WHAT TO WORK ON: Reproduce the entries below, please. Keep every character the same.

WORKING DATA:
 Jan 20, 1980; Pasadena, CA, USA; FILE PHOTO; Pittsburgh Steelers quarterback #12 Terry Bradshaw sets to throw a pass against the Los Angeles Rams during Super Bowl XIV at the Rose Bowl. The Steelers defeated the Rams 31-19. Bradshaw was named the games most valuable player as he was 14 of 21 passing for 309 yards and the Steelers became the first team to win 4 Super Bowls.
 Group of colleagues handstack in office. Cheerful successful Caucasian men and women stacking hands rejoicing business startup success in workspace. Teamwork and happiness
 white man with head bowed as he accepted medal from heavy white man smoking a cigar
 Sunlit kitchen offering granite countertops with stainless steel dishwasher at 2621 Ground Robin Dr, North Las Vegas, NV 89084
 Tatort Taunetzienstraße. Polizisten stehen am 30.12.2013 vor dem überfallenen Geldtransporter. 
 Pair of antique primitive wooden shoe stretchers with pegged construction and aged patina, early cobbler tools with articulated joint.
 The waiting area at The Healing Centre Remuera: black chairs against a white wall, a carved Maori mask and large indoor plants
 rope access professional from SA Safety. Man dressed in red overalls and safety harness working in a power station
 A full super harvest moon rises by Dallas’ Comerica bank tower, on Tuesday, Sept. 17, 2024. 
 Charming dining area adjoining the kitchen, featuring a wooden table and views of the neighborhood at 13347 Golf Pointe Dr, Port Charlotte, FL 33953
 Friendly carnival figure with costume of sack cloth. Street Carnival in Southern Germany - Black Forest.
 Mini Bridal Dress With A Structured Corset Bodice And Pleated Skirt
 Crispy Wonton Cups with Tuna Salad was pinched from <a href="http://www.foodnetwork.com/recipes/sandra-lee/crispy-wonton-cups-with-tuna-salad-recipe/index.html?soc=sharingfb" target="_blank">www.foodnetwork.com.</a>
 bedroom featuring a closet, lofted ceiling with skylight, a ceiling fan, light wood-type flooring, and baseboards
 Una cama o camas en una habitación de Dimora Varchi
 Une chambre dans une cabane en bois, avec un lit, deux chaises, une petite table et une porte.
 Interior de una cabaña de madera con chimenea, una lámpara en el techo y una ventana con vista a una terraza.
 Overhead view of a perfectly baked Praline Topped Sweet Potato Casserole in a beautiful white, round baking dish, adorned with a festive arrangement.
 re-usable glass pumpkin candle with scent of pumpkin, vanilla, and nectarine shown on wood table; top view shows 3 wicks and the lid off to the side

FINAL ANSWER:
 Jan 20, 1980; Pasadena, CA, USA; FILE PHOTO; Pittsburgh Steelers quarterback #12 Terry Bradshaw sets to throw a pass against the Los Angeles Rams during Super Bowl XIV at the Rose Bowl. The Steelers defeated the Rams 31-19. Bradshaw was named the games most valuable player as he was 14 of 21 passing for 309 yards and the Steelers became the first team to win 4 Super Bowls.
 Group of colleagues handstack in office. Cheerful successful Caucasian men and women stacking hands rejoicing business startup success in workspace. Teamwork and happiness
 white man with head bowed as he accepted medal from heavy white man smoking a cigar
 Sunlit kitchen offering granite countertops with stainless steel dishwasher at 2621 Ground Robin Dr, North Las Vegas, NV 89084
 Tatort Taunetzienstraße. Polizisten stehen am 30.12.2013 vor dem überfallenen Geldtransporter. 
 Pair of antique primitive wooden shoe stretchers with pegged construction and aged patina, early cobbler tools with articulated joint.
 The waiting area at The Healing Centre Remuera: black chairs against a white wall, a carved Maori mask and large indoor plants
 rope access professional from SA Safety. Man dressed in red overalls and safety harness working in a power station
 A full super harvest moon rises by Dallas’ Comerica bank tower, on Tuesday, Sept. 17, 2024. 
 Charming dining area adjoining the kitchen, featuring a wooden table and views of the neighborhood at 13347 Golf Pointe Dr, Port Charlotte, FL 33953
 Friendly carnival figure with costume of sack cloth. Street Carnival in Southern Germany - Black Forest.
 Mini Bridal Dress With A Structured Corset Bodice And Pleated Skirt
 Crispy Wonton Cups with Tuna Salad was pinched from <a href="http://www.foodnetwork.com/recipes/sandra-lee/crispy-wonton-cups-with-tuna-salad-recipe/index.html?soc=sharingfb" target="_blank">www.foodnetwork.com.</a>
 bedroom featuring a closet, lofted ceiling with skylight, a ceiling fan, light wood-type flooring, and baseboards
 Una cama o camas en una habitación de Dimora Varchi
 Une chambre dans une cabane en bois, avec un lit, deux chaises, une petite table et une porte.
 Interior de una cabaña de madera con chimenea, una lámpara en el techo y una ventana con vista a una terraza.
 Overhead view of a perfectly baked Praline Topped Sweet Potato Casserole in a beautiful white, round baking dish, adorned with a festive arrangement.
 re-usable glass pumpkin candle with scent of pumpkin, vanilla, and nectarine shown on wood table; top view shows 3 wicks and the lid off to the side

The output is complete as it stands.